Listed Companies (Code of Corporate Governance) Regulations, 2017, have been approved for notification by the Securities and Exchange Commission of Pakistan (SECP). They replace the Code of Corporate Governance, 2012 (CCG 2012) issued under the PSX listing regulation and are seen as a stride towards aligning corporate governance practices in Pakistan with best international standards.
They shall come into effect for period beginning on January 1, 2018.
The regulations are aimed at strengthening governance structures, bringing consistency in the corporate practices and promoting transparency through enhanced disclosure requirements. Furthermore, the role and responsibilities of directors have been made clearer and enhanced, independent decision-making is encouraged, gender diversity is supported and mechanism for transparency and accountability is strengthened.
They have been finalized after rigorous in-house debate and extensive public consultations. The task force formed to suggest changes to the CCG 2012 was led by Mr. Ebrahim Sidat. It included representative of the SECP, PICG, Central Depository Company, Pakistan Stock Exchange, corporate practitioners and industry representatives.
Meanwhile, the Companies Act, 2017, was promulgated, which included the enabling provision to provide for framework of corporate governance, hence, regulations were framed. It was ensured that the said regulations are concise, avoid duplication of requirements of Act or any other statutory requirements and retained the best corporate principles as also endorsed by the 2012 Code and task force.
The draft regulations was placed on the SECP’s website in August 2017 to solicit public opinion.
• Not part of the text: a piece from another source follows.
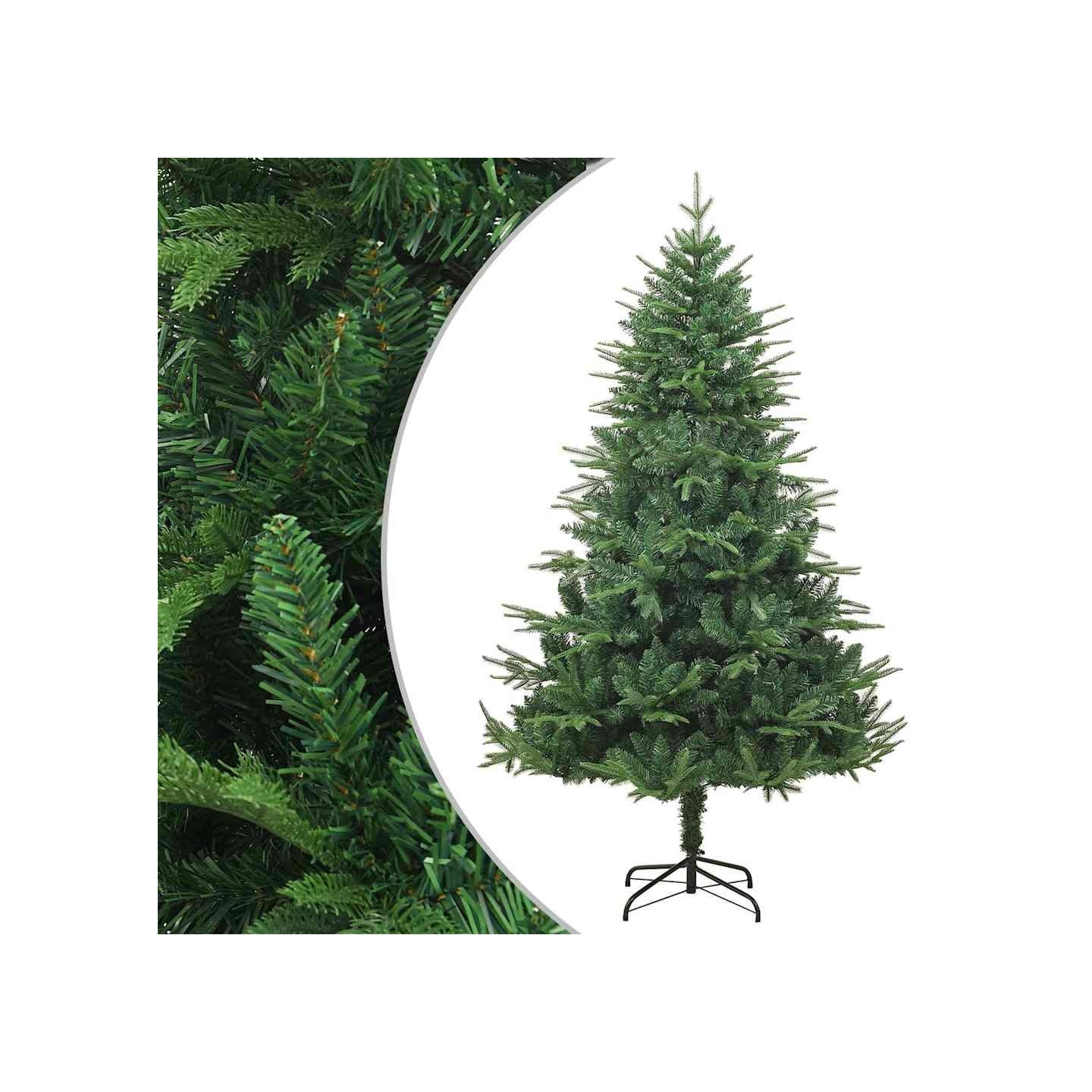 Sapin de Noël artificiel Vert 180 cm PVC et PE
In view of request from stakeholders, the deadline of providing comments was extended by a month. Further, consultative session with stakeholders was held in October to deliberate on the stakeholders’ views.
Noteworthy requirements of the regulations, among others, include decreasing the limit of permissible directorship in listed companies of a director from seven to five. Further, the regulations aims at strengthening presence and role of independent directors therefore, board of directors are mandated to have at least two or one third of number of directors, whichever is higher, as independent directors.
The independent directors shall be required to file a declaration confirming that statutory criteria for independence has been duly complied.
One of significant requirements of the Act is to prescribe female directors has been incorporated in the regulations by mandating one female director within one year of notification of regulations or reconstitution of board whichever is later.
Companies are required to publish and circulate a statement of compliance with these regulations, the format of which has been provided. In addition, penal provision for non-compliance with the regulations has been added. However, where it is impractical for any company to comply with the requirements of regulations, the SECP is empowered to relax such requirement.
The regulations have been framed keeping in view the dynamic governance standards, local and international best practices and need for making such governance practices relevant and effective in a structured manner.
The SECP believes that the regulations will strengthen governance practices, result in availability of enhanced information to markets participants and hence will provide better protection of the rights of all investors, particularly minority shareholders.